• [What the exercise asks]:
Everything in the data below is left aside except the lines from the one containing "Light Slate Gray" through the one containing "江戸っ子恐竜　まめ皿・箸置きペア ギフト 内祝い"; repeat those exactly.

• [Data in this exercise]:

--- START ---

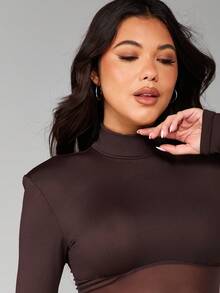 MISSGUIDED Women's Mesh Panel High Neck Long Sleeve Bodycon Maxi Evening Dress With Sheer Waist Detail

--- END ---
--- START ---

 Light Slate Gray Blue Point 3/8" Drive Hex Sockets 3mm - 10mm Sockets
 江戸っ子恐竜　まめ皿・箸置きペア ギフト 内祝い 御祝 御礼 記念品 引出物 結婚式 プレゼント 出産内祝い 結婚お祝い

--- END ---

• [Response to this exercise]:
 Light Slate Gray Blue Point 3/8" Drive Hex Sockets 3mm - 10mm Sockets
 江戸っ子恐竜　まめ皿・箸置きペア ギフト 内祝い 御祝 御礼 記念品 引出物 結婚式 プレゼント 出産内祝い 結婚お祝い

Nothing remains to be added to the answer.